By Kwame Okoampa-Ahoofe

I don’t know by what measure Dr. Charles Wereko-Brobby presumed to carp Nana Akufo-Addo for supposedly riding on the coattails of former President John Agyekum-Kufuor. But it well appears to me that the man who was summarily fired by the proverbial “Gentle Giant” for grossly mismanaging the Volta River Authority (VRA) as Chief Executive Officer is scandalously and, characteristically, shamelessly pursuing the illogic of double standards, for want of a better expression

(See “Akufo-Addo Must Not Ride On Kufuor’s Achievements – Tarzan” 3News.com 8/26/16).

Maybe this political hobgoblin or snake-in-the-grass (in Ghana, we often say “snake-under-grass”) ought to have heard President Kufuor himself commend Akufo-Addo, in the lead-up to Election 2012, for helping to expedite Ghana’s development of the communications industry and technology by introducing the first cellphone company, Novotel, into the country.

Then also, it is an open-secret that Nana Akufo-Addo has done far more and better, legally and legislatively, to advance free-speech rights, both in the media and Ghanaian society at large, than the man popularly called Tarzan can be credited for in critical sphere of the development of the energy industry in the country.

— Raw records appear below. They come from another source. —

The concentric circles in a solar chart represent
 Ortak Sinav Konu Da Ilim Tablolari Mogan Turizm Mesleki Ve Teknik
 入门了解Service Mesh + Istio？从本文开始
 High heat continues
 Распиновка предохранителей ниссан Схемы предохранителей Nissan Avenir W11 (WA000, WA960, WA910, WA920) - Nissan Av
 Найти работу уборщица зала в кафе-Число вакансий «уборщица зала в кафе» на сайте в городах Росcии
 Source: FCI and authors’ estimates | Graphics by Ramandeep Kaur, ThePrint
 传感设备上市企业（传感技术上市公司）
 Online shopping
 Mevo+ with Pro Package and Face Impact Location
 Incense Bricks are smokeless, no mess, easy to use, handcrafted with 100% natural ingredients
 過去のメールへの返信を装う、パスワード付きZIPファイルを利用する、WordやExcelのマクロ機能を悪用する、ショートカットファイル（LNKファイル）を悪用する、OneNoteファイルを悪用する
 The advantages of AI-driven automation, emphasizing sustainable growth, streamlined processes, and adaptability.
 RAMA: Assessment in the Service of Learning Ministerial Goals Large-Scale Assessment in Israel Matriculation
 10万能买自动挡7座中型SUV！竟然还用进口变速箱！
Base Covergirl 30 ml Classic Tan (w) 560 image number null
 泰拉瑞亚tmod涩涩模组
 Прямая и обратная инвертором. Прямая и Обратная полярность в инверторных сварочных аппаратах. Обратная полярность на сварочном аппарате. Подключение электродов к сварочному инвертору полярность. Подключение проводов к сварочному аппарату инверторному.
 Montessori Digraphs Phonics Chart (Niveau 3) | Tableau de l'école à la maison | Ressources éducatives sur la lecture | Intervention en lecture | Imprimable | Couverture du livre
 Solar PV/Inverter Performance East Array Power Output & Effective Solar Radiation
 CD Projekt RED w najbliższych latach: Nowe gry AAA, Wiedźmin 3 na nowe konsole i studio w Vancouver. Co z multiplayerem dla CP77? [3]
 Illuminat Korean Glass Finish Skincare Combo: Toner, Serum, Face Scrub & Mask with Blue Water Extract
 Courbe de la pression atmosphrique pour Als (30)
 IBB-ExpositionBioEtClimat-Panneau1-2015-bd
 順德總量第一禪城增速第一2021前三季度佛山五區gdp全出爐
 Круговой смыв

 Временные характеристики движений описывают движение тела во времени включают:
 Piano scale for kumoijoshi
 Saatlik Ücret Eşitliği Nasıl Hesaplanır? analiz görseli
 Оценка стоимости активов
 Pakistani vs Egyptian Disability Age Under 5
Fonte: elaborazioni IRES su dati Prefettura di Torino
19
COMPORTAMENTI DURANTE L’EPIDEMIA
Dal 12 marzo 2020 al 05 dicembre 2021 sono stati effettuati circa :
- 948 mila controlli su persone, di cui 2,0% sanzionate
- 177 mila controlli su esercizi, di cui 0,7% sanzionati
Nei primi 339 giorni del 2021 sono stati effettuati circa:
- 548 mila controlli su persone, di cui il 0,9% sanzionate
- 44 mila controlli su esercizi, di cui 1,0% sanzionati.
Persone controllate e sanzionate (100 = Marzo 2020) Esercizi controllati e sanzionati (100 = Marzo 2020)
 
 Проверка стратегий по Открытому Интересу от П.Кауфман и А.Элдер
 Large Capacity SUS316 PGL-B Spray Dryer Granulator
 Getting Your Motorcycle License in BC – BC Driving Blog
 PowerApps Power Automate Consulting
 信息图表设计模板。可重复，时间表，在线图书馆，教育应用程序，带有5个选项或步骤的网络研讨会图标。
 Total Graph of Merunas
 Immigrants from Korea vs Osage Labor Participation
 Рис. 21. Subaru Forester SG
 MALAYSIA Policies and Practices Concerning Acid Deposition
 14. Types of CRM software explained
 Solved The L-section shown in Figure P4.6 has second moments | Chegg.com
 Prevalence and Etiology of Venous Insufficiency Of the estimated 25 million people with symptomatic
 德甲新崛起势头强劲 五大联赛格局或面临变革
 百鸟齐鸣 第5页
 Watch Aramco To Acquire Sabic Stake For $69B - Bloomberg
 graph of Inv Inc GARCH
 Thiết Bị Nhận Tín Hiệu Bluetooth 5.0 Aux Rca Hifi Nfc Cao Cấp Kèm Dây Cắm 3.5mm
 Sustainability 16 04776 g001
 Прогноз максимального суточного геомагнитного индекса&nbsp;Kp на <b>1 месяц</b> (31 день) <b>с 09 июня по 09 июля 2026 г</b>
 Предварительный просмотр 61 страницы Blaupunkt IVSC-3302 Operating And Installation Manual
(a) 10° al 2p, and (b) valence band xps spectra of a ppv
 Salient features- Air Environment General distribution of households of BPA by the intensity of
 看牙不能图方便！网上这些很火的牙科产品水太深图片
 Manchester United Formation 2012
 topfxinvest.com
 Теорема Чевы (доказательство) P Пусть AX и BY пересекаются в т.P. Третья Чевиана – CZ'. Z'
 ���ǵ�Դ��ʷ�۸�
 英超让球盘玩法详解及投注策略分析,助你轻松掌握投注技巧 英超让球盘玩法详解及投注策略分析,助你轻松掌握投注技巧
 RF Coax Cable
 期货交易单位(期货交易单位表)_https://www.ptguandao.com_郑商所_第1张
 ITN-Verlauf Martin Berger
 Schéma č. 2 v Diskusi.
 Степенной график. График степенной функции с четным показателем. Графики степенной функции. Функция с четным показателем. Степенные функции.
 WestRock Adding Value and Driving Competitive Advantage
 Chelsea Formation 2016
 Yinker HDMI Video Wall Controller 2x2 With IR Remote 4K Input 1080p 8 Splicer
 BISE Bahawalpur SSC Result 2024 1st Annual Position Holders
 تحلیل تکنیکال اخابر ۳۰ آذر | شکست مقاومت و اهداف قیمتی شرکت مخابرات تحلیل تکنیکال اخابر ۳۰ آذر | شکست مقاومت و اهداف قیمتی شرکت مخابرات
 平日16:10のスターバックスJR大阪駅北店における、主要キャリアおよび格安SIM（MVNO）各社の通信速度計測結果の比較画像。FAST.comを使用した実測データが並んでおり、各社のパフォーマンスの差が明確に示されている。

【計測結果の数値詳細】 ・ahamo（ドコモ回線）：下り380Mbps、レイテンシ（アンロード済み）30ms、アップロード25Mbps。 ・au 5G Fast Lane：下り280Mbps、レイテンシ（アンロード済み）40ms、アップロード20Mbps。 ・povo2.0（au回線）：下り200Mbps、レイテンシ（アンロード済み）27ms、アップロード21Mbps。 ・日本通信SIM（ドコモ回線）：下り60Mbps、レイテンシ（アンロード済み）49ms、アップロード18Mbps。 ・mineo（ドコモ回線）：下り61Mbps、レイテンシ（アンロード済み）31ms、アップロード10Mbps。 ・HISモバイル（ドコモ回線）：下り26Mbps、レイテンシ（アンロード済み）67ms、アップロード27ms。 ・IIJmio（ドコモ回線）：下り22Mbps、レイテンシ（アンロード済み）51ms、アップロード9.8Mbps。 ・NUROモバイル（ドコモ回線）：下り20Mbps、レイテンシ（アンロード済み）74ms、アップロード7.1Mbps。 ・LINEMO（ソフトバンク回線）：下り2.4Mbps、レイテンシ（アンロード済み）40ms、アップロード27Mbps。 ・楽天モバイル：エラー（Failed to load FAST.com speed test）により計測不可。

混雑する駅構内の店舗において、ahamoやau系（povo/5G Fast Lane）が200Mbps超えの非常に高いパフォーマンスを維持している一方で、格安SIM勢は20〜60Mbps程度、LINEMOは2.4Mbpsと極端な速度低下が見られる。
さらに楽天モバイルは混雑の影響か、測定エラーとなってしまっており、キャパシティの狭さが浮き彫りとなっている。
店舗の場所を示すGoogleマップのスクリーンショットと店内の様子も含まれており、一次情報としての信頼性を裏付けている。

At the VRA, at Akosombo, for example, Dr. Wereko-Brobby was notorious for having spent a sizeable chunk of the Authority’s budget in renovating, refurnishing and decorating his CEO’s bungalow, while diligent workers went without their paychecks for weeks and months on end.

In other words, the so-called Chief Policy Analyst of the Ghana Institute for Public Policy Options (GIPPO) clearly lacks the professional expertise and credibility needed to presume to collar Ghana’s former Attorney-General and Minister of Justice on whose political and/or administrative legacy to latch onto as part of his electioneering campaign platform in the lead-up to the 2016 presidential election.

After all, who said that President Kufuor was a political phoenix, in Shakespearean parlance, who auto-generated himself? To be certain, in nearly every one of his electioneering campaign tours around the country, Mr. Kufuor had absolutely no qualms invoking and celebrating the achievements and legacies of the seminal leaders of his ideological camp or suasion, namely, Drs. J. B. Danquah and K. A. Busia and, of course, Mr. S. D. Dombo.

And so why does Tarzan expect the protocol to be any different for Akufo-Addo? Couple the foregoing with the incontrovertible fact that the three-time presidential nominee of the New Patriotic Party (NPP) was a key player in the Kufuor administration in ways that cannot be said of Dr. Wereko-Brobby, and it readily becomes clear that much of his criticisms of Akufo-Addo emanates from sheer envy and malice.

But, of course, anybody who has been observing our national political landscape for any remarkable temporal span has absolutely no problem recognizing the stark fact that Tarzan is no political and/or professional peer, or classmate, of Nana Akufo-Addo’s.

Indeed, if Dr. Wereko-Brobby sincerely believes that President Mahama has notched enormous achievements in our national culture and politics that ought not to be challenged or questioned, by all means, the long-suspended NDC mole of the New Patriotic Party is entitled to such opinions.

What he is not entitled to is the imperious right to dictate the issue of whether President Mahama’s self-proclaimed or purported achievements ought to be poignantly challenged or applauded.

This is the sort of noble democratic cultural ideal which Nana Akufo-Addo has spent most of his adult life helping to cultivate in the country, which arm-chair socialists like Dr. Wereko-Brobby have a hard time understanding and appreciating.